Così, lo spettatore si ritrova ad assistere ad una scena in macchina, all’interno della quale una giovane ragazza appena uscita da un centro di recupero per tossicodipendenti comunica alla madre che riprenderà a farsi appena possibile, provocando nella genitrice il bisogno di metter fine alla conversazione con un incidente suicida; un uomo che dà della “puttana” alla compagna incinta, lasciandola sola nella sua vettura in preda alle doglie; un adulto che scappa in macchina con la compagna minorenne per chissà quali lidi, nella funesta esitazione di entrambi, consapevoli che non vi sarà mai alcun lido felice; una donna che cerca di raccontare al compagno di aver trascorso la notte con due (o forse più) uomini solo per aver bevuto un bicchiere di troppo nel corso di una noiosa conferenza; due giovani per il quale un videogioco ha più rilevanza morale della fine di una storia d’amore; un appuntamento idealmente romantico tra due giovani che si trasforma in una imperdibile occasione per far emergere distanze che sfociano poi in perfidie e crudeltà.

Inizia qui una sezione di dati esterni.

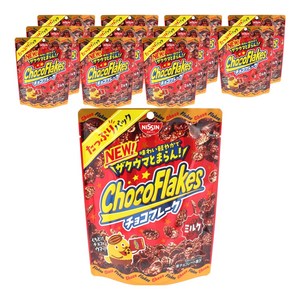 닛신 초코플레이크 우유 듬뿍 팩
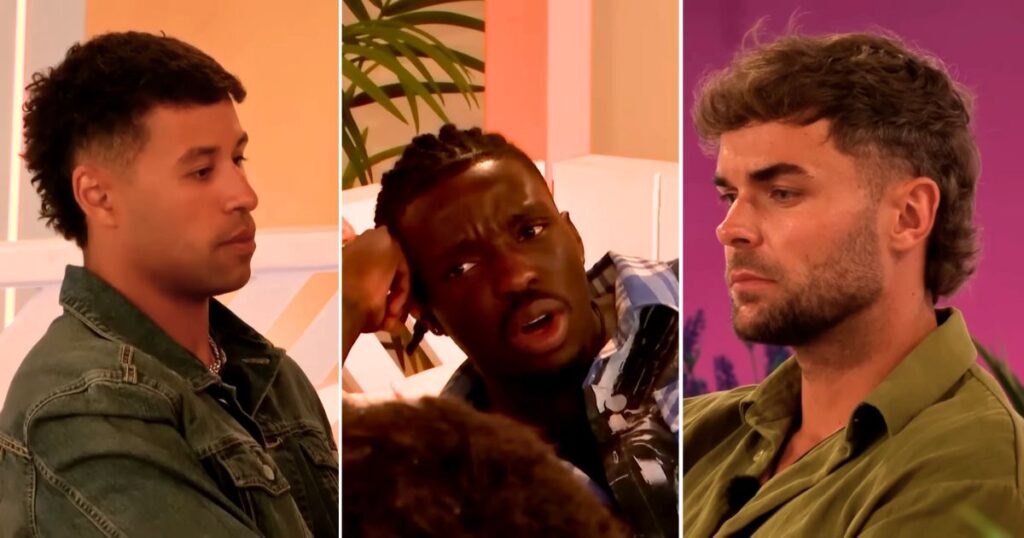 conor dejon and harry from love island 2025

Convince “quasi” tutto di questa pièce: la scenografia dal tocco industrial, la scelta delle musiche (Marilyn Manson, Deep Purple, Nikka Costa, Beatles e Kraftwerk) e la grandissima prova di recitazione di tutti e sei gli attori, bravissimi nel dare voce alla torsione del linguaggio di cui sopra. Il pubblico applaude sinceramente per l’ottima messa in scena, nonostante il didascalico elenco di meschinità (legato a quel “quasi”) che rischia forse, pur consapevolmente, di non rimandare a “qualcosa d’altro” rispetto a quanto narrato nei sei atti di patimenti. La pièce infatti, nell’urgenza di narrare la miseria dell’incomunicabilità tra gli individui, con dialoghi che alla lunga appaiono forse troppo insistenti, sembra smarrire la necessità di offrire un’esperienza estetica compiuta che possa concedere, di tale incomunicabilità, una prospettiva più elevata.